Y-a-t-il d'autres opinions ? svp.


----------



## dobrila

Bonjour,
J'ai une question plutôt conceptuelle. Qu'est-ce que ça veut dire, _un vrai homme_, et qu'est-ce que ça veut dire, _un homme vrai_? Merci en avance!


----------



## Kwistax

je crois que c'est surtout la place de "vrai" qui lui donne moins ou plus d'importance.

Dans la forme _un homme vrai_, on met l'accent sur _vrai._

Après, à vous de voir ce que ça peut signifier_ pour vous._


----------



## plantin

J'aurais tendance à interpréter différemment les deux cas:
Un vrai homme serait un homme aux caractéristiques très viriles (pilosité, musculature, taille...)
Un homme vrai mettrait plutôt l'accent sur les qualités morales d'un homme idéal: honnêteté, droiture


----------



## dgsavoie

plantin said:


> J'aurais tendance à interpréter différemment les deux cas:
> Un vrai homme serait un homme aux caractéristiques très viriles (pilosité, musculature, taille...)
> Un homme vrai mettrait plutôt l'accent sur les qualités morales d'un homme idéal: honnêteté, droiture



 Idem pour moi.


----------



## Kwistax

je crois qu'il n'y a absolument aucune différence de nature entre ces deux formulations. La seule différence est la place de _vrai_, avant ou après et donc de l'emphase qu'on met dans ce mot. Ensuite, chacun décide de ce qu'il recouvre.


----------



## dgsavoie

@Kwistax Il pourrait effectivement n'y avoir aucune différence. Pour moi, il existe cependant le même type de différence qu'entre "un grand homme" et "un homme grand".


----------



## Kwistax

sauf que grand est une mesure objective. On peut être grand moralement ou en taille.
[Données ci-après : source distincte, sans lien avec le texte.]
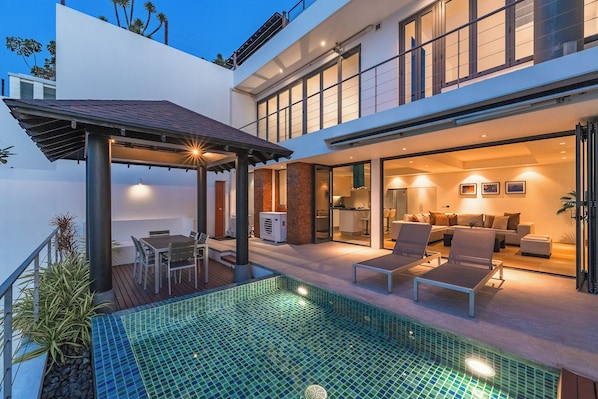 Una piscina al aire libre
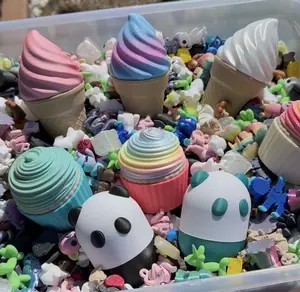 Miniature Containers with free 3D printed confetti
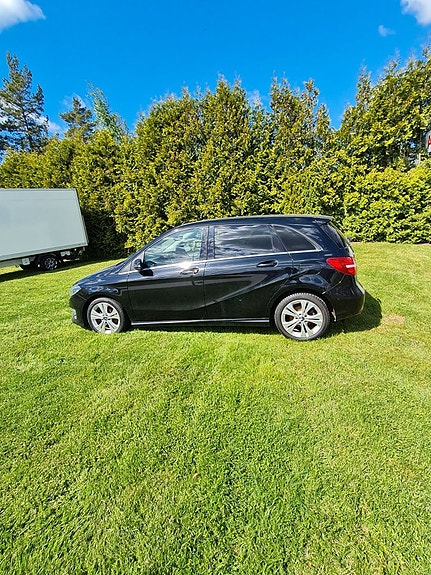 Mercedes-Benz B180 d 8 of 18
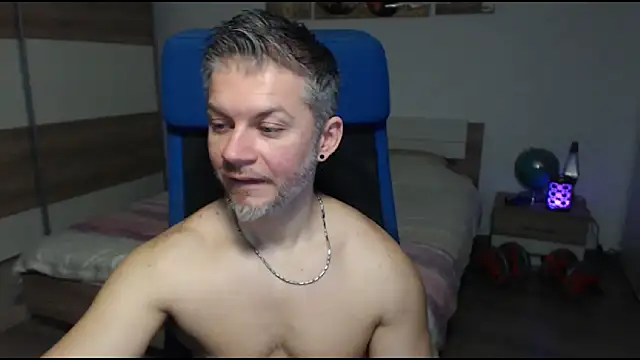 RobbyShawz online show from March 5, 2025, 10:55 am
Mais vrai? en quoi est-ce objectif?


----------



## Maître Capello

Je rejoins plantin et dgsavoie : il y a bel et bien une nuance.

_un vrai homme_ = un homme fort, pas une femme, etc. (qualités physiques ou essentielles)
_un homme vrai_ = un homme sincère, franc, fidèle, etc. (qualités morales)


----------



## JClaudeK

Kwistax said:


> sauf que grand est une mesure objective. On peut être grand moralement ou en taille.


Bien sûr.
Mais ça n’empêche que
"un homme grand" (qualité physique)
*≠*
"un grand homme" (= qui a accompli de grandes choses: qualités morales)


Kwistax said:


> je crois qu'il n'y a absolument aucune différence de nature entre ces deux formulations.


----------



## Kwistax

Maître Capello said:


> Je rejoins plantin et dgsavoie : il y a bel et bien une nuance.
> 
> _un vrai homme_ = un homme fort, pas une femme, etc. (qualités physiques ou essentielles)
> _un homme vrai_ = un homme sincère, franc, fidèle, etc. (qualités morales)
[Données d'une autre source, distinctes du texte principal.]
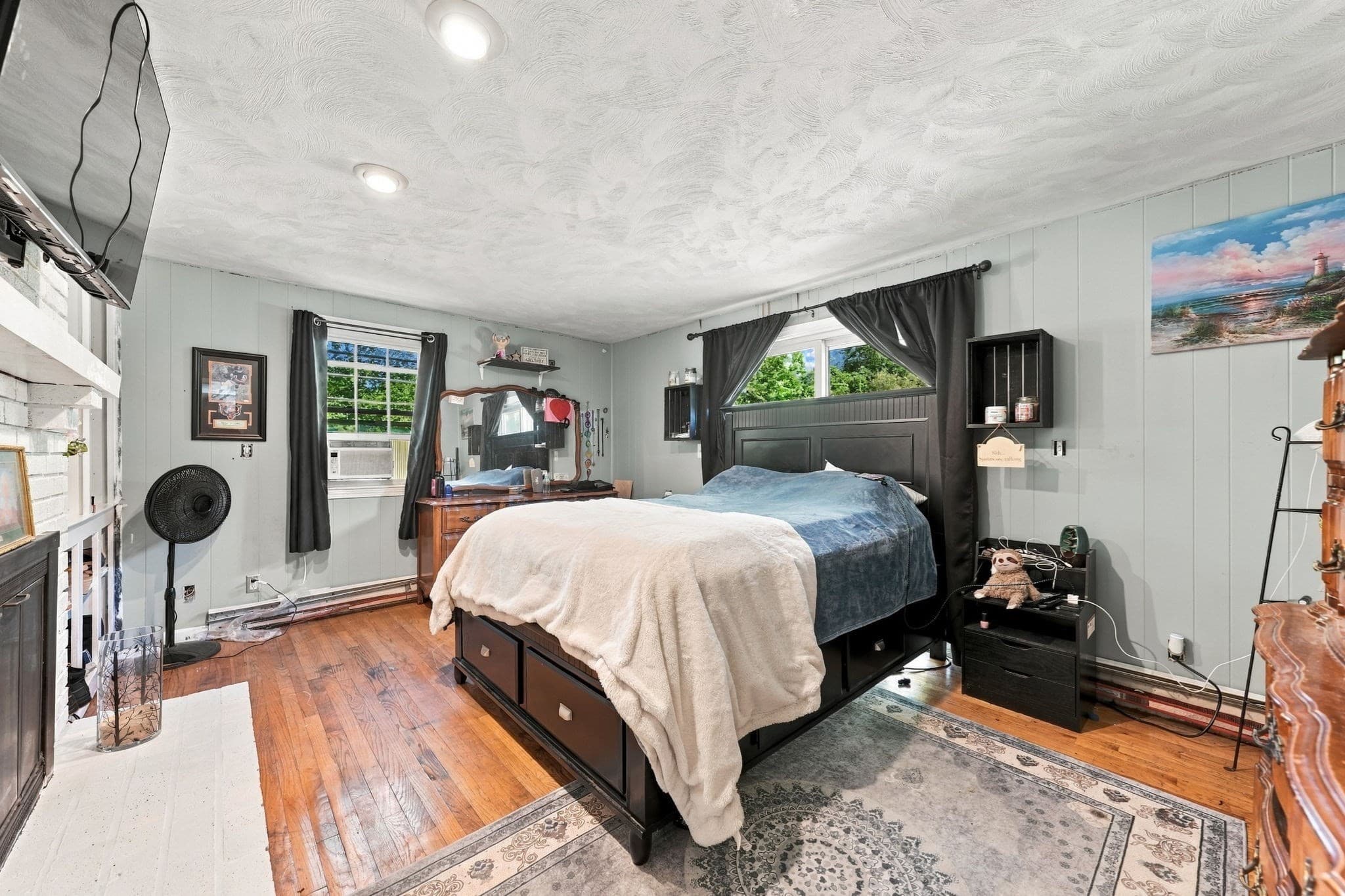Single Family Residence at 3320 County St, Somerset MA 02726, Somerset, photo 7 of 28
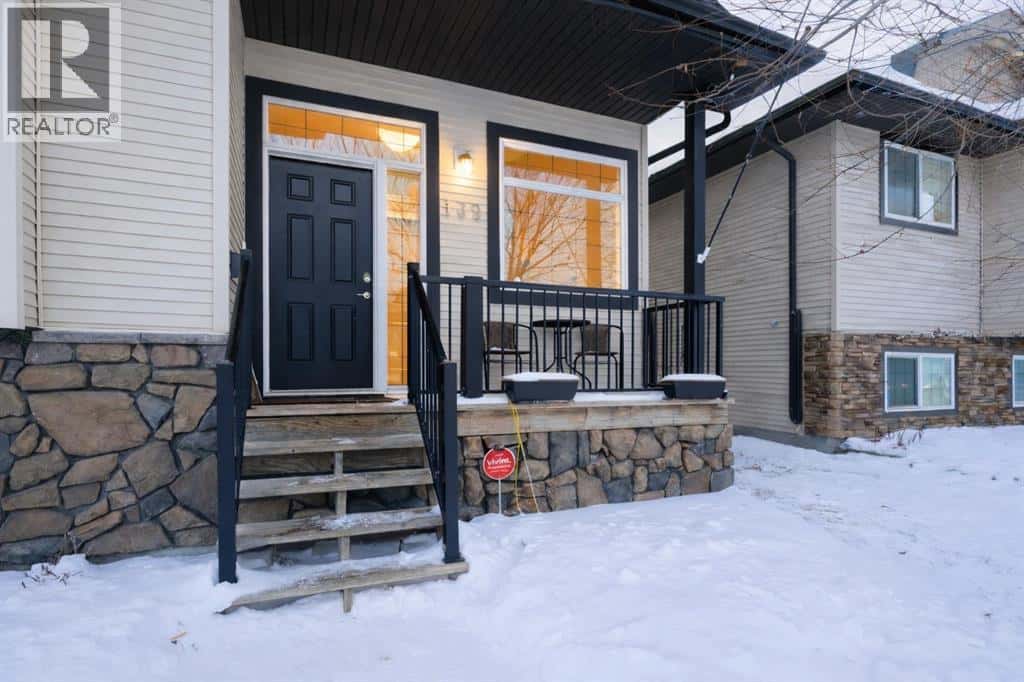 139 Vickers Close — Red Deer, Alberta - Photo 2 of 23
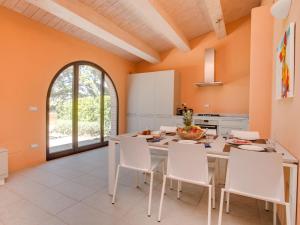 Zdjęcie z galerii obiektu Holiday Home VIlla Pesca by Interhome w mieście Osteria Delle Noci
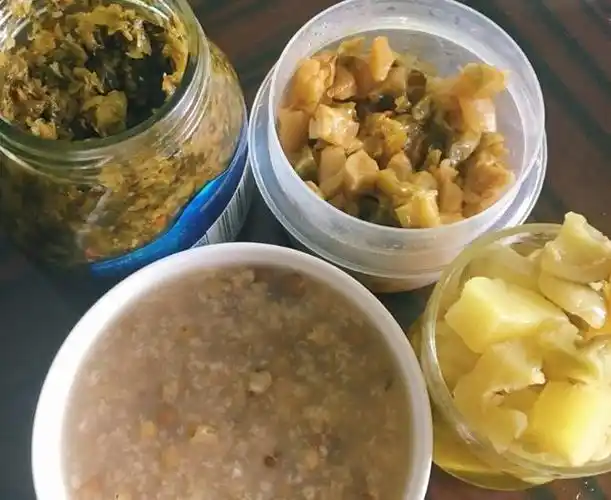 贫穷大学生的日常伙食,每月父母只给200生活费,为何吃的很丰盛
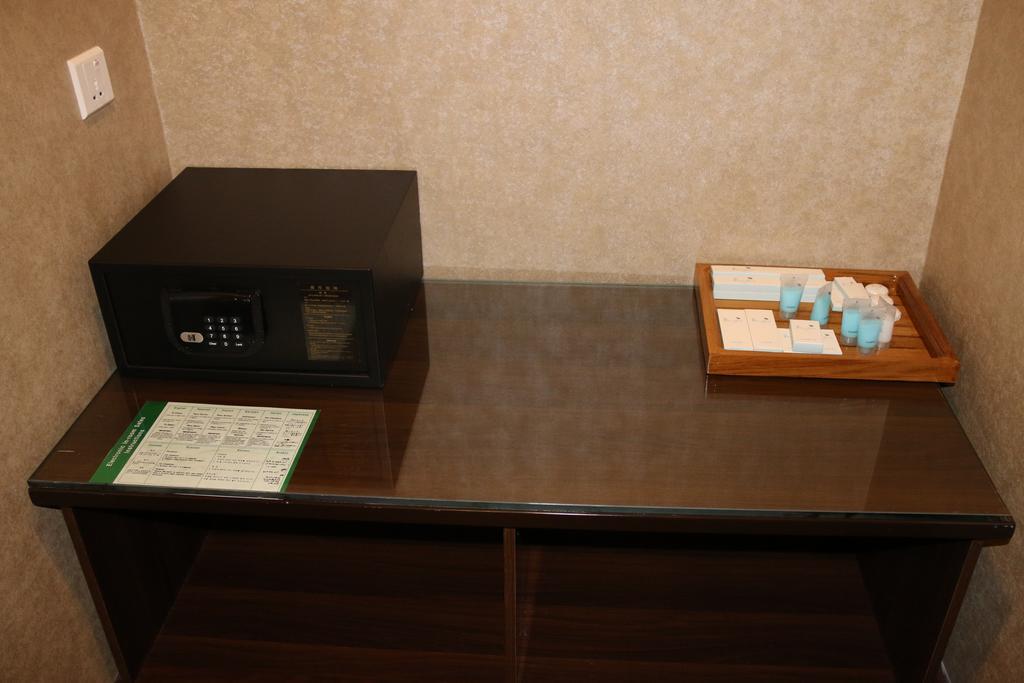 8Day Hotel Yangon Dış mekan fotoğraf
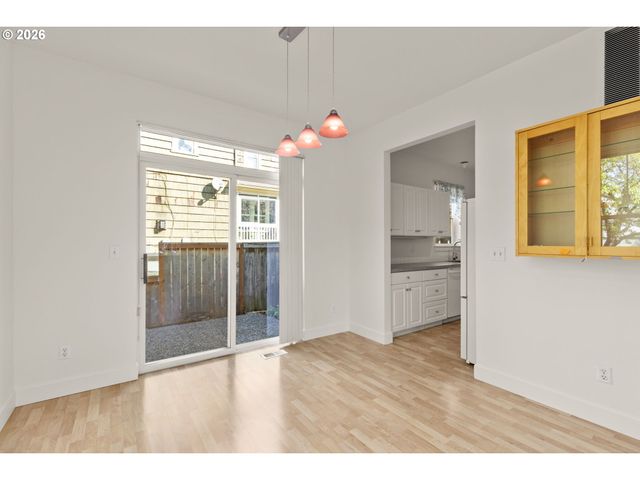 1703 Se CLINTON St, Portland, OR 97202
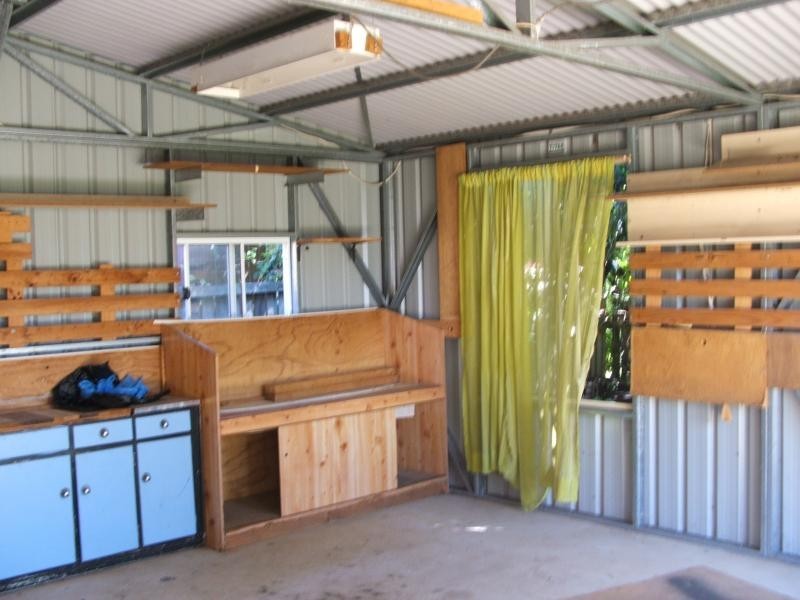 4 Avon Street, Leichhardt QLD 4305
c'est exactement ce que je dis: dans le premier cas, l'intention est de souligner le caractère masculin, dans le second le caractère vrai.

Ce n'est donc qu'une question d'emphase sur le dernier mot.


----------



## Maître Capello

Désolé, mais non : ce n'est pas du tout ce que vous dites. Vous avez écrit :


Kwistax said:


> je crois qu'il n'y a absolument aucune différence de nature entre ces deux formulations. La seule différence est la place de vrai, avant ou après et donc de l'emphase qu'on met dans ce mot. Ensuite, chacun décide de ce qu'il recouvre.


Or tout le monde hormis vous voit bel et bien une différence de *sens* qui n'a rien à voir avec une question d'*emphase*. Par ailleurs, contrairement à ce que vous dites, la place de cet adjectif n'est certainement pas laissée au libre choix du locuteur puisque cela en change le sens.


----------



## Kwistax

je m'auto-cite:

je crois que c'est surtout la place de "vrai" qui lui donne moins ou plus d'importance.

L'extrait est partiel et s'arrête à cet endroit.